Tectonics or rebound: Pleistocene fault reactivation in the highest mountains of the Carpathians

The steep morphology, highest elevation within the Carpathians, and distinct fault borders of the Tatra Mts. support the assumption of recent tectonic activity. However, for decades, the Quaternary tectonic activity of the Tatra Mts. has been poorly evidenced, and a late Pleistocene fault rupture was discovered recently. Using the protected environment of the caves, we have utilized ²³⁰Th/U dating of damaged speleothems to extend the record of Quaternary deformation of the Tatra Mts. up to 0.5 Ma. The results from ten caves reveal five periods of increased activity at 465–332, 280–260, 204.8–188.8, 127–86.6, and 29.5–10.11 ka ago.

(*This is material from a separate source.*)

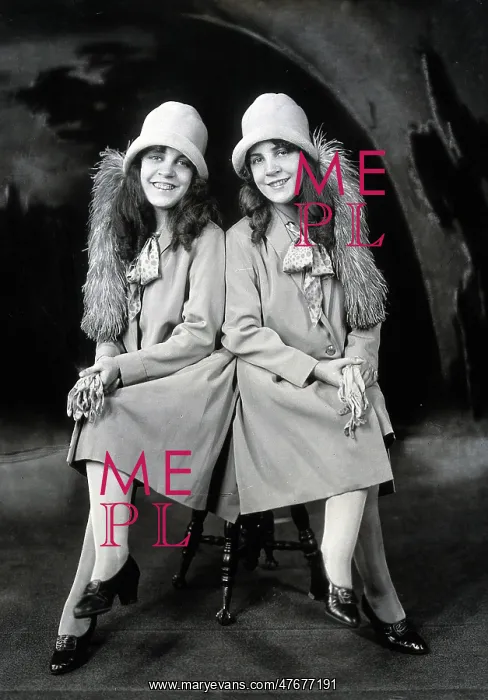 : Daisy and Violet Hilton, Conjoined Twins : Daisy and Violet Hilton, Conjoined Twins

Three mechanisms of fault reactivation were identified through paleostress analysis of cave passage offsets: (1) gravitational sliding; (2) NNE–SSW transpression, likely associated with the Alps–Carpathians–Pannonian (ALCAPA) NNE motion; and (3) tectonic-driven SE-trending compression that reactivated the strike–slip and the gently dipping oblique lower-order faults. The geochronological data indicate that these three stress regimes operated during the late Pleistocene; however, our fault-slip data do not allow us to identify the dominant process. Herein, we suggest that the fault slip was caused by the isostatic response of the Tatra block to the unloading of mountain glaciers, coupled with sediment evacuation overlapping with regional-scale tectonic processes. These processes are locally obliterated by debuttressing. We also show that the distances between the caves and possible seismic sources (i.e., the Sub-Tatric and Ružbachy faults) are sufficiently short to break speleothems in response to oscillation. Given that for most caves an earthquake of >M_w6.5 would be destructive, it seems co-seismic deformations in caves are highly likely considering the M_w > 7 potential of the Sub-Tatric Fault.